March 8th, 1939 - Leon Zabielski
In a barrage of overlapping limbs, I snatch my coat, counter the coat rack arcing down towards my head, and swing open the apartment door. Warm air squeezes past me, inexplicably desperate to leave the wood-paneled cocoon where I’d much rather stay. I’ve not even left and I’m sweating through the first of many wool layers. I make a mental note: Don’t rush in the winter.
I function better in the milder months, I think, and at milder paces too. Warsaw sometimes offered the first, but never the latter. I couldn’t linger on that, though. Despite the bustle, I knew a tram engineer leads a life devoid of purpose in the countryside. Chuckling at the image of me frantically placing rails on a muddy country road, I started down the stairs. Sinewy clouds of breath hung in the still air behind me.
Outside, the city calls, bells, sings, and shifts amidst the falling snow, turning it into a gray sludge. Just 10 kilometers away, it formed neat piles under the forest’s birches and alders. I shake off my longing and set off towards Nowy Świat, the restaurant-lined street where I’m meeting Lena. We’d known each other since childhood, our fathers having worked together, and she was in town for the weekend. As usual, she knew a place.
I stop, as I frequently do, in front of the nearby cukiernia. Hands pocketed and face buried in my scarf, I gaze at the rows of fresh pastries in the window. One stuffed with warm blueberries and topped with crumble. Another offers a gentle vanilla pudding in a pastry ring. My favorite, perched on the top shelf, promised decadent baked plum preserves, tucked away inside an unadorned pastry. The door to my left opened, spilling the bakery’s incandescent glow onto the street.
A wise-looking (shrivelled up, gently speaking) old woman shuffles out of the store, continuing a conversation she was having with the young clerk. The clerk, meanwhile, is already checking out the next customer.
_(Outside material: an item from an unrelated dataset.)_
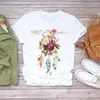 Kvinnors T-skjortor Summer Kvinnor Grafisk kvinnlig tee T-shirt Kort ärm Dream Feather Print Lady T-shirts Top Shirt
She arranges her bags of bread and sweets as the door shuts, all the while quipping to herself. “Only for show? What do you know about ‘for show’.” I break away from the window, passing by as she decides where to turn. I overhear a mocking tone under her breath as she starts in the other direction.
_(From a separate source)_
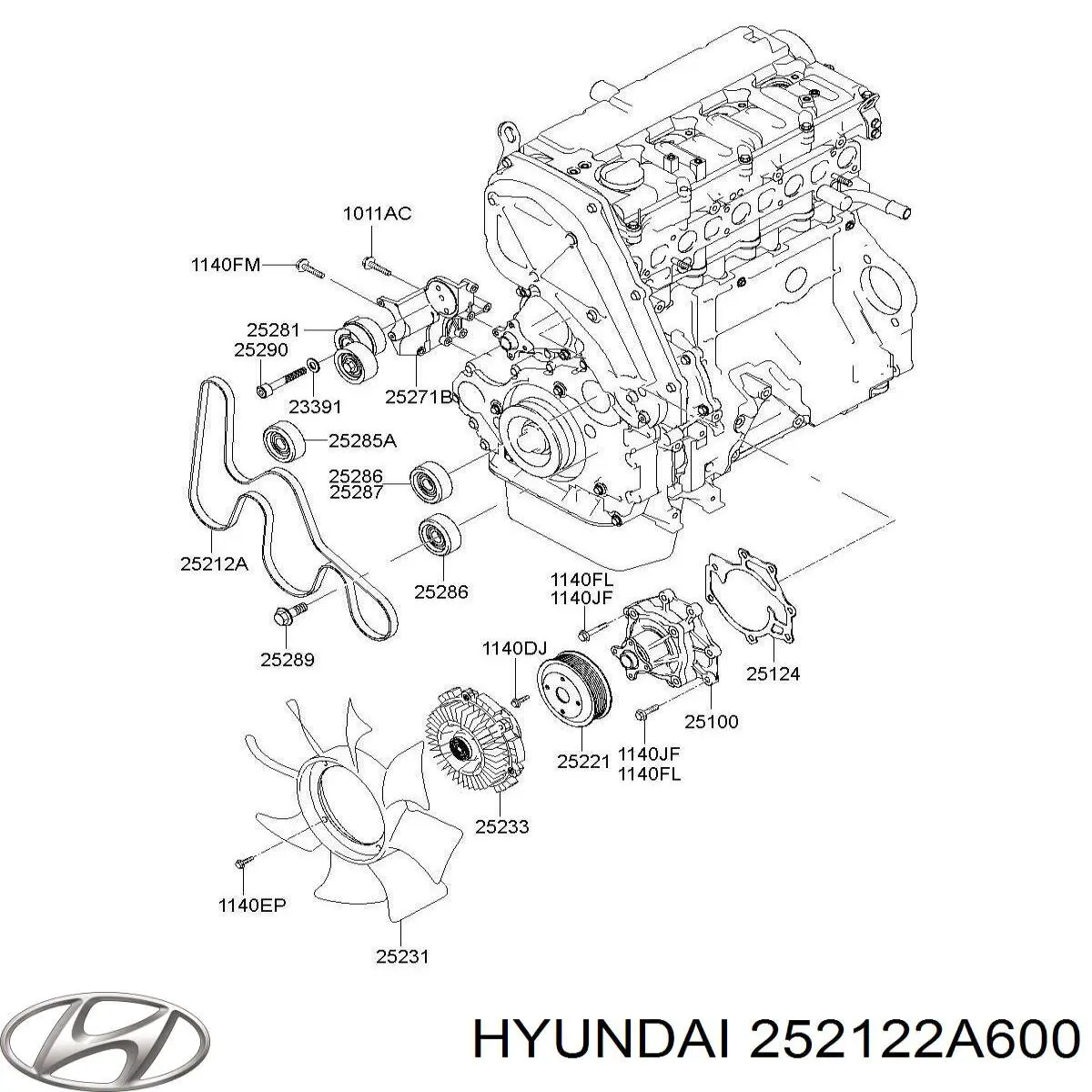 252122A600 Hyundai/Kia correa trapezoidal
This, to me, was the bitterness of this city. This woman had seen much of the 19th century and would likely see half of the 20th. Had she never left Warsaw, she would have lived under three regimes, through numerous uprisings, and the Great War. Yet she spoke, unheard, into the cold air. How much human experience here was wasted on loneliness, indifference?
Turning onto Nowy Świat, I swivel my head, scanning the rows of boutiques, cafés, and restaurants. I pull out the scrap of paper Lena had given me. Kresy at 15:00. I realized I’d heard of the café from a friend who, like most of their clientele, was the artistic type. I chafed slightly at the thought of invading this bohemian (read ‘pretentious’) space. Lost in thought, I was roused by a rapid succession of warbling knocks.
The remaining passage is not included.